The final, essential component of AITOM is the small ensemble cast. Herring has worked with a few small, tight casts (check out the radio series Lionel Nimrod’s Inexplicable World), so he knows how to gather a cast of versatile performers. Here, he has musician Christian Reilly on hand to acoustically provide musical “stings” and topical songs to act as transitions from sketch to sketch; Reilly’s theme for the show is catchy-as-fuck, and his wonderfully prissy impression of Bryan Ferry is also very funny. Emma Kennedy provides all the female voices, from sultry seductresses to batty mother figures; her talent is manifest on the show, but I was most amused by her take on Michael Jackson as a baby-man ready to dance. Rounding out the quartet (because Herring always stays Herring on the show) is Dan Tetsell, who is as versatile as Kennedy and provides voices that are just as memorably deranged — the clear fan favorite being his nasal take on Herring’s radio/podcast partner Andrew Collins, called here “Tiny Andrew Collings.”

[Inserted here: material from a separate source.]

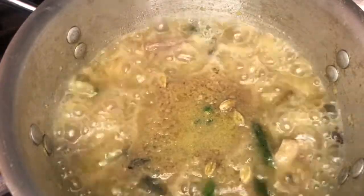We're going to have coconut milk, quite a bit, and we're going to add the soup.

Herring’s torment of his C&H partner has gone into some very oddly Freudian and very funny places here, including Herring sleeping with “Tiny Andrew’s” mom, killing him off not once but several times, and doing a really nice riff on the end of The Prisoner where “Collings” and Herring are indeed one (or each other’s parents, or brothers — I can’t say I remember how Richard resolved the problem, but it was very funny and truly McGoohan-like).

You can check out As It Occurs to Me on iTunes or (the better option, I think) on the British Comedy Guide. It might be best to start from the beginning, or you may never know what a “cumpkin” is (maybe that’s for the best, though) or be able to put your finger on the British celebs who are mercilessly spoofed by Herring and company. As was the case with my discussion of the U.K.-specific references in Stewart Lee’s Comedy Vehicle below, I think American listeners can figure out easily enough who Herring is talking about, and who their American pointless-celeb equivalents are.

AITOM has run for two seasons of ten shows (again, the perfect British method of keeping the comedy fresh, as opposed to the American approach, which runs every single comic concept into the ground, for years) and a handful of specials, including a recent “Autumn Special,” which inspired me to write this paean to the program. The visual clips found online don’t really convey what the show is like, so I’ll close out instead with Herring doing one of his most wonderfully blasphemous bits. I think Richard has the right idea — if you’re going to be blasphemous, just go ahead and be fucking blasphemous!



UPDATE (10/23): Since I posted this entry, I've heard two more great podcast episodes from Herring, the first being the initial episode in his "Richard Herring Objects" series found here (as far as I can tell these episodes will only be on the BBC site for seven days after the initial broadcast) and the second "Autumn Special" of AIOTM. Herring shows absolutely no signs of taking a break, so enjoy his productivity now!